_WORK TO BE COMPLETED_:
In the records below, repeat exactly the lines between the line holding "Set of Ice Cream" and the line holding "map of restaurants, bars, coffee", inclusive, and drop the pictures.

(Web page caption snippets)
════════
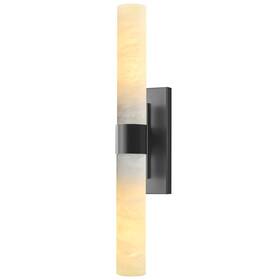 B7601-2 Hemali 23 Inch Matte Black Brass Wall Sconce With Marble Shade - Bathroom Vanity Light
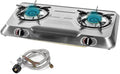 XtremepowerUS 25,516BTU Double Burner Stove Auto Ignition Cooktop Outdoor LPG Propane Camping 2 Stove Burner Portable Stove Burner, Stainless Steel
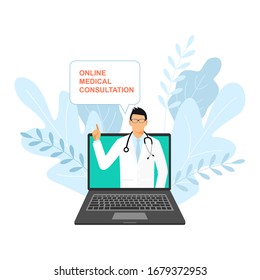 Doctor with stethoscope on the screen, concept of online diagnostics, vector illustration in flat style. online medical application. 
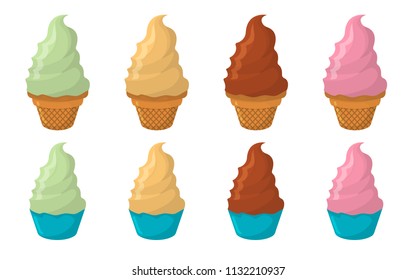 Set of Ice Cream Cartoon Icon. Summer Sundae Logo and Label for Ice Cream Shop. Vector Illustration.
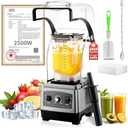2025 Upgrade Commercial Blender【2500W German Super Motor】【Dishwasher Safe 】【6-Piece Japanese Blades 】3-Second Quick Ice Crushing,Quiet Blender for Juices and Smoothies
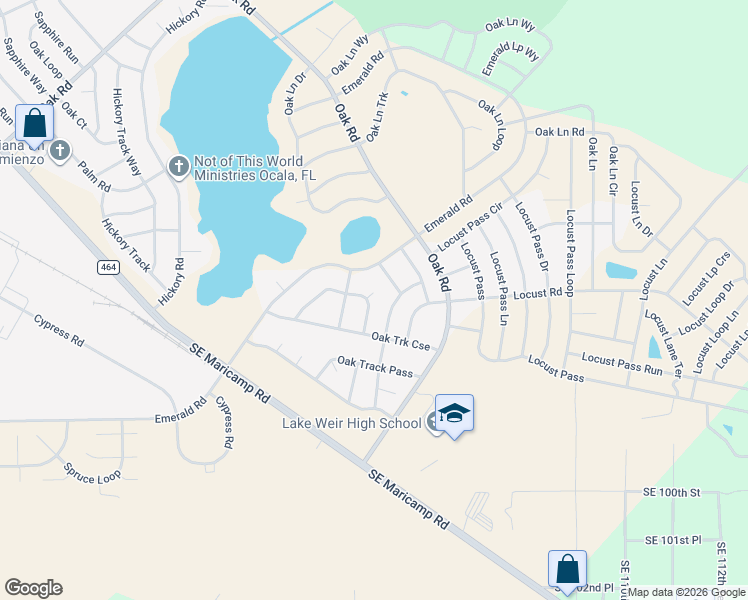 map of restaurants, bars, coffee shops, grocery stores, and more near 311 Oak Trk Trce in Ocala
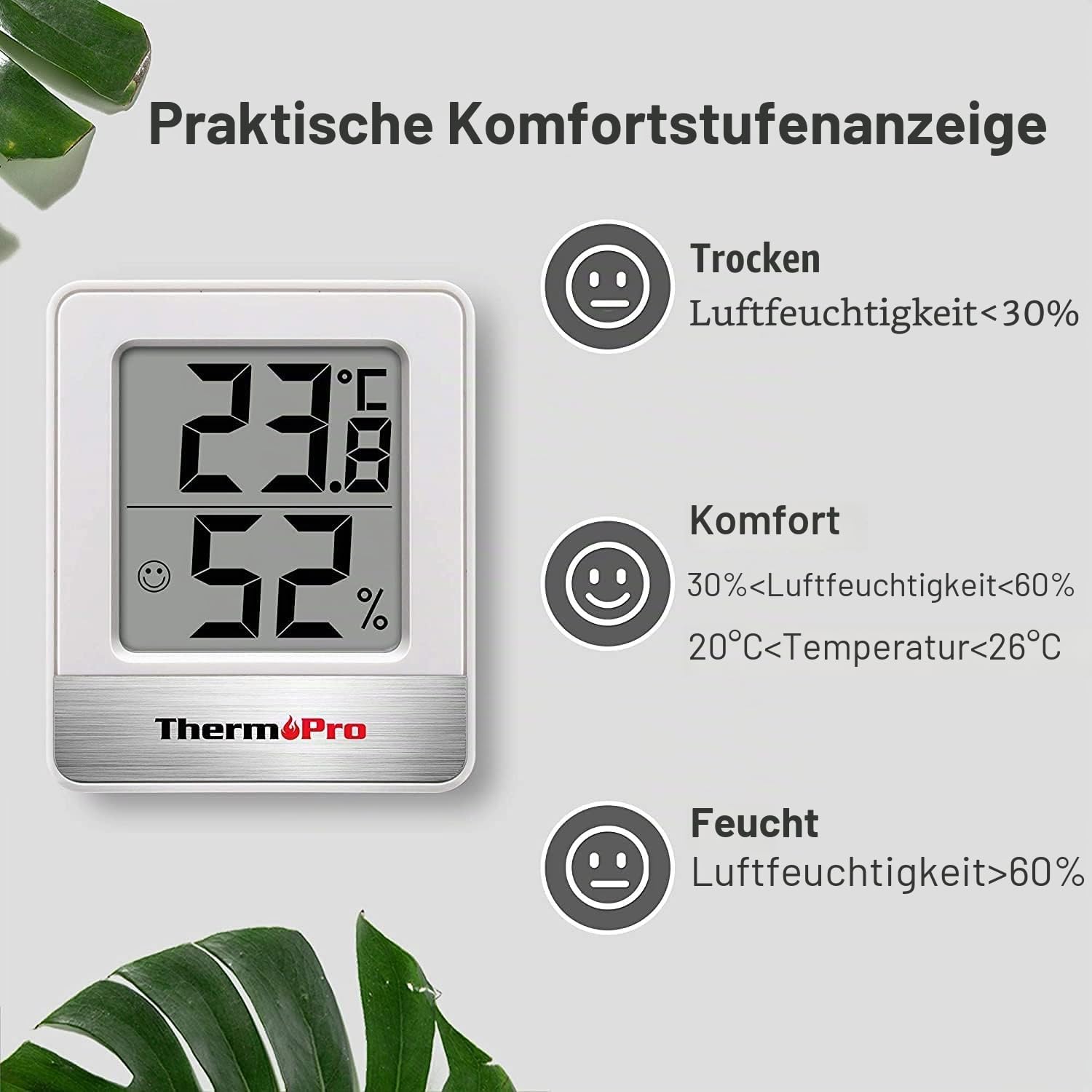 ThermoPro Thermo-Hygrometer, Innenthermometer, digitales Luftfeuchtigkeitsmessgerät, Raumthermometer, Temperatur- und Luftfeuchtigkeitsmessgerät mit Smiley-Anzeige, 3 Stück – Bild 4
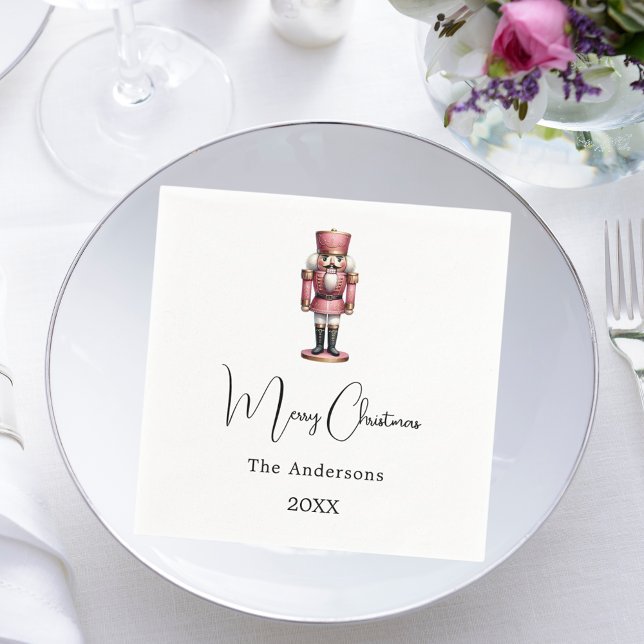 Christmas party nutcracker dusty pink napkin (Creator Uploaded)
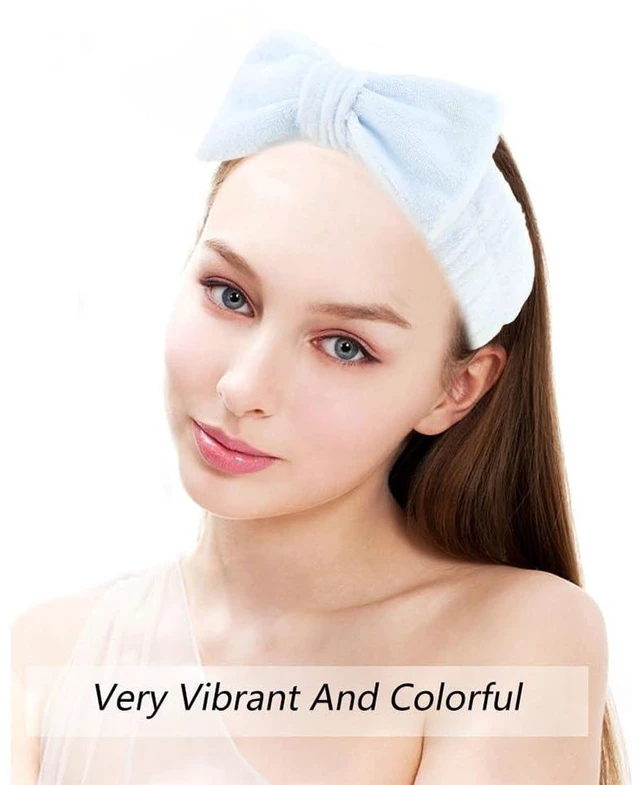 Alt view image 7 of 7 - SPA Headbands for Washing Face Makeup Headbands with Bow Laurel Hair Band Women Facial Head Band Wrist Towel Wraps For Shower Face Mask Blue Pink Purple Yellow Green, 6 Pack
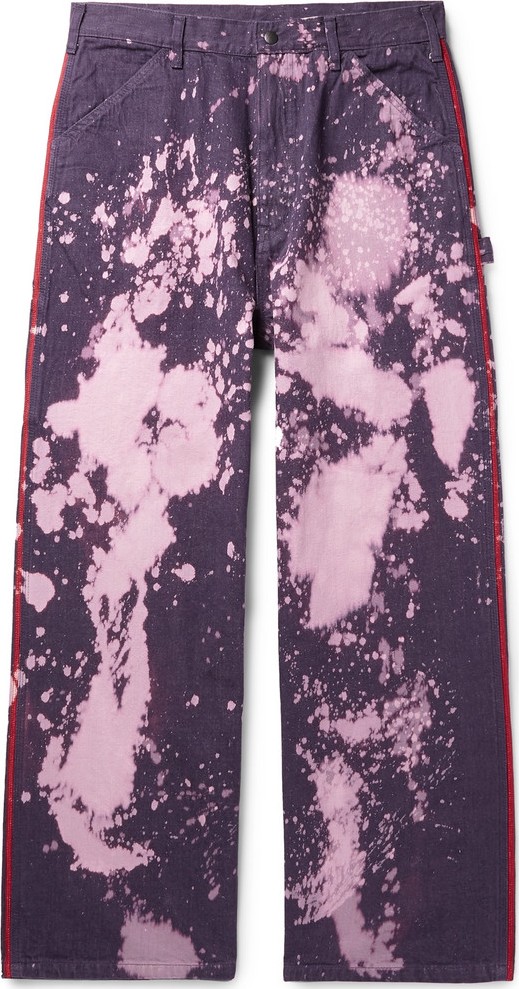 Needles Wide-Leg Bleach-Splattered Denim Jeans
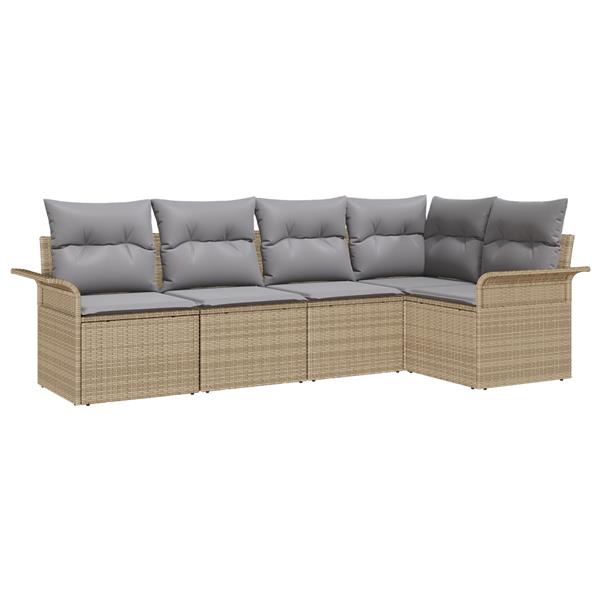 Grote foto vidaxl 5 delige tuinsofa set met kussens in beige poly rattan tuin en terras tuinmeubelen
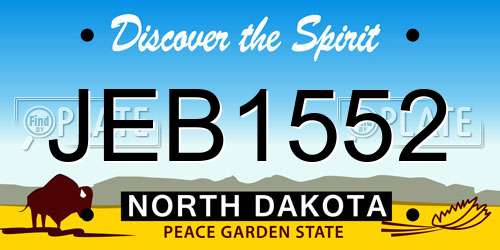 JEB1552 North Dakota License Plate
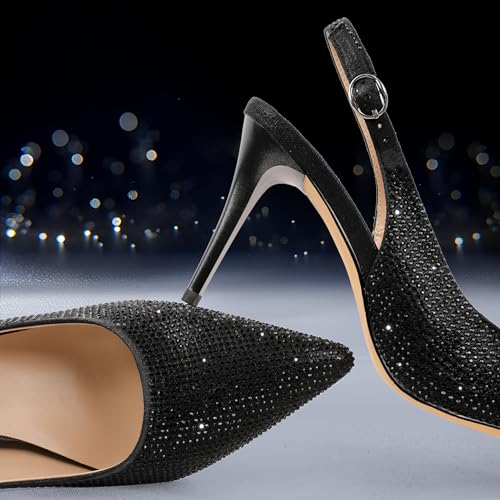 Image of YODEKS Women's Slingback Heels Pointy Toe Buckle Strap Pump Sandals Close Toe 3.5 Inch Stiletto High Heel Pumps Wedding Bridal Party Prom Shoes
════════
_RESULT OF THE TASK_:
 Set of Ice Cream Cartoon Icon. Summer Sundae Logo and Label for Ice Cream Shop. Vector Illustration.
2025 Upgrade Commercial Blender【2500W German Super Motor】【Dishwasher Safe 】【6-Piece Japanese Blades 】3-Second Quick Ice Crushing,Quiet Blender for Juices and Smoothies
 map of restaurants, bars, coffee shops, grocery stores, and more near 311 Oak Trk Trce in Ocala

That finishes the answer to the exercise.